On Sat, 19 Feb 2005, Nawaaz Ahmed wrote:
Thanks Brian. I looked at the code (memory.c) after I sent out the first
email and noticed the malloc() call that you mention in your reply.
Looking into this code suggested a possible scenario where R would fail in
malloc() even if it had enough free heap address space.
I noticed that if there is enough heap address space (memory.c:1796,
VHEAP_FREE() > alloc_size) then the garbage collector is not run. So malloc
could fail (since there is no more address space to use), even though R
itself has enough free space it can reclaim. A simple fix is for R to try
doing garbage collection if malloc() fails.
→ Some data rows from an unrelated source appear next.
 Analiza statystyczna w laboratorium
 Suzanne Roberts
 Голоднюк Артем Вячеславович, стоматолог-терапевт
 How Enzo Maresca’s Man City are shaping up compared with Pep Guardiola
I hacked memory.c() to look in R_GenHeap[LARGE_NODE_CLASS].New if malloc()
fails (in a very similar fashion to ReleaseLargeFreeVectors())
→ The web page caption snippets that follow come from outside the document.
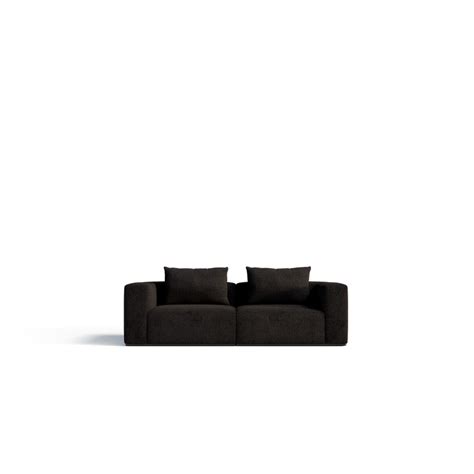 Alea Sofa | Luxury High-Resilience Designer Sofa | VITTI – Vitti Living
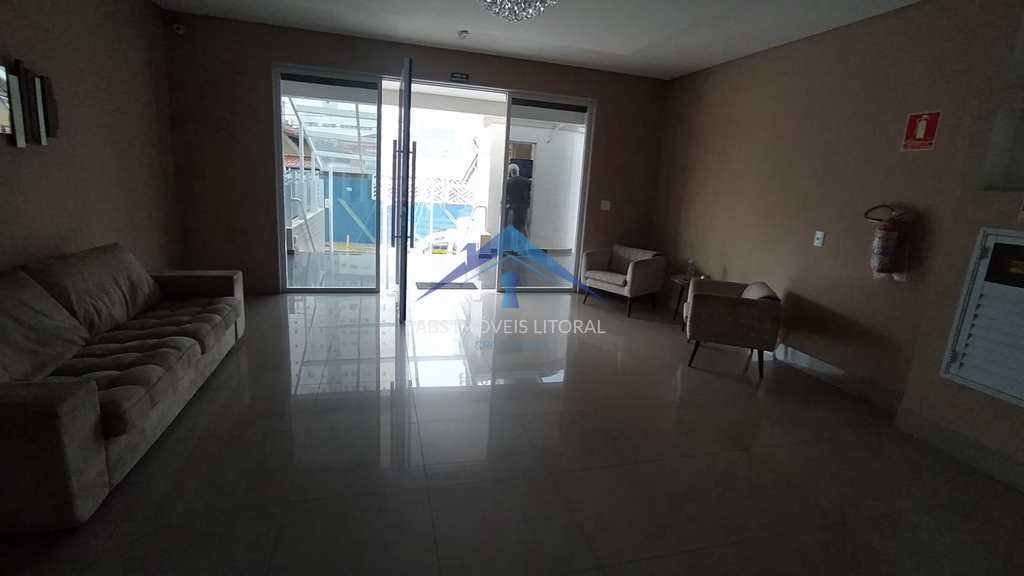 Apartamento em Praia Grande, no bairro Aviação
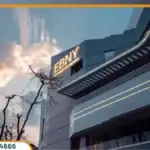 مول ويفز النزهة الجديدة Waves امتلك وحدتك بمقدم 10%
I did a "best-fit" stealing from this list and returned it to allocVector().
This seemed to fix my particular problem - the large vectors that I had
allocated in the previous round were still sitting in this list. Of course,
the right thing to do is to check if there are any free vectors of the right
size before calling malloc() - but it was simpler to do it my way (because I
did not have to worry about how efficient my best-fit was; memory allocation
was anyway going to fail).
I can look deeper into this and provide more details if needed.
Thanks. It looks like it would be a good idea to modify the malloc at
that point to try a GC if the malloc fails, then retry the malloc and
only bail if the second malloc fails. I want to think this through a
bit more before going ahead, but I think it will be the right thing to
do.
Best,
luke
Nawaaz
Prof Brian Ripley wrote:
BTW, I think this is really an R-devel question, and if you want to pursue
this please use that list. (See the posting guide as to why I think so.)
This looks like fragmentation of the address space: many of us are using
64-bit OSes with 2-4Gb of RAM precisely to avoid such fragmentation.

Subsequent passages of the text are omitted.